Work instruction
Leave out the pictures and retype, exactly, the lines below from the line with "BLESYS Batteria A1708" up to and including the line with "Seamless pattern with cake and ice cream", nothing more.

Dataset excerpts
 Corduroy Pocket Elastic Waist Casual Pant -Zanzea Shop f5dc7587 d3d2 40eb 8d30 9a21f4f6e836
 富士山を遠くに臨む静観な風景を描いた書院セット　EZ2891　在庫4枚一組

--

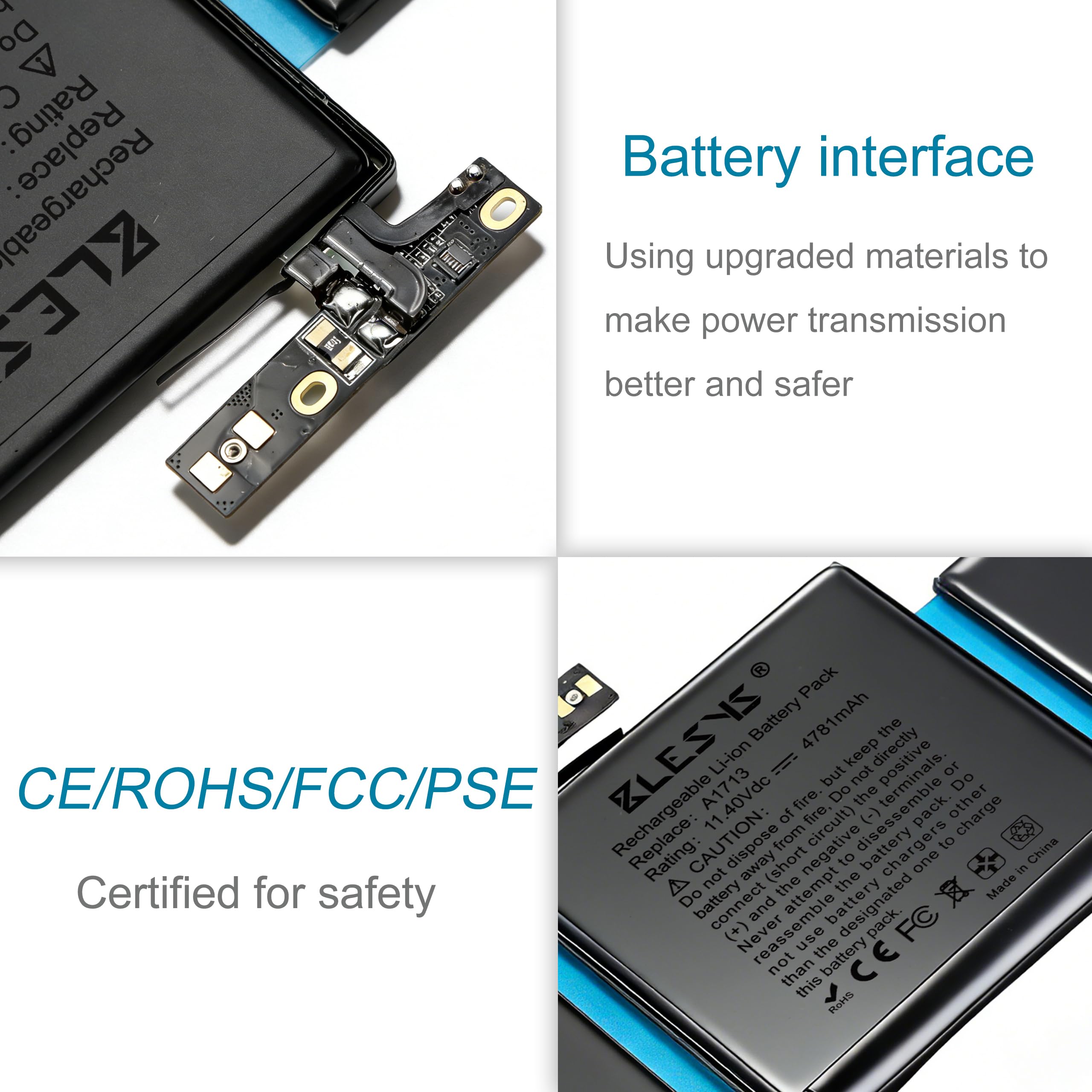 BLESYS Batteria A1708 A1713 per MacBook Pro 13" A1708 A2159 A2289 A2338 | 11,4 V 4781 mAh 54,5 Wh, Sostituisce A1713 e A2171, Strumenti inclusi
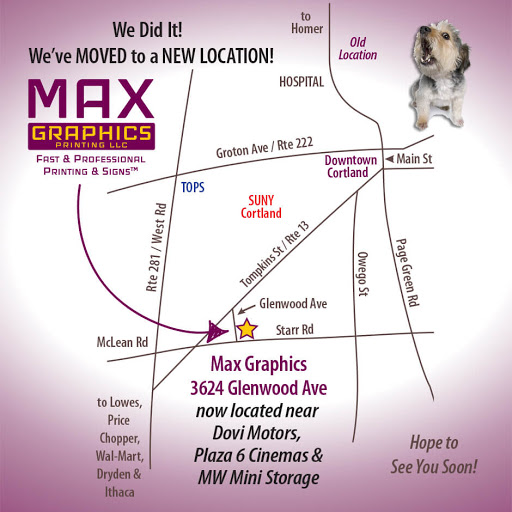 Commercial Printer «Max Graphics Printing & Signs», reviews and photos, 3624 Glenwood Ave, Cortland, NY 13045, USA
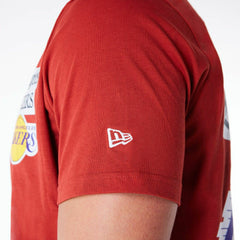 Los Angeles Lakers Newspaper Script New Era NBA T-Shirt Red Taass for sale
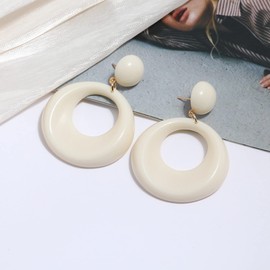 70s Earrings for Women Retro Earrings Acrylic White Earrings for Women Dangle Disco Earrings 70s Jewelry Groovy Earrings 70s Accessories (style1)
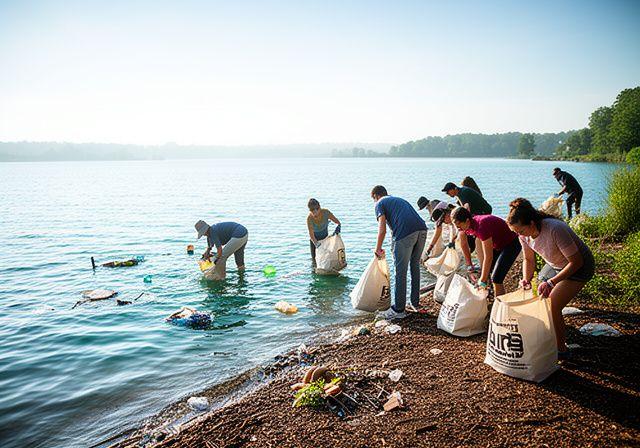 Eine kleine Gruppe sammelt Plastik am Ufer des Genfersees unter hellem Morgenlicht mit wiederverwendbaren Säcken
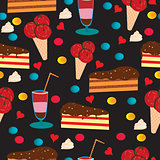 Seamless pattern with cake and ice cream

Answer to this exercise
 BLESYS Batteria A1708 A1713 per MacBook Pro 13" A1708 A2159 A2289 A2338 | 11,4 V 4781 mAh 54,5 Wh, Sostituisce A1713 e A2171, Strumenti inclusi
 Commercial Printer «Max Graphics Printing & Signs», reviews and photos, 3624 Glenwood Ave, Cortland, NY 13045, USA
 Los Angeles Lakers Newspaper Script New Era NBA T-Shirt Red Taass for sale
 70s Earrings for Women Retro Earrings Acrylic White Earrings for Women Dangle Disco Earrings 70s Jewelry Groovy Earrings 70s Accessories (style1)
 Eine kleine Gruppe sammelt Plastik am Ufer des Genfersees unter hellem Morgenlicht mit wiederverwendbaren Säcken
 Seamless pattern with cake and ice cream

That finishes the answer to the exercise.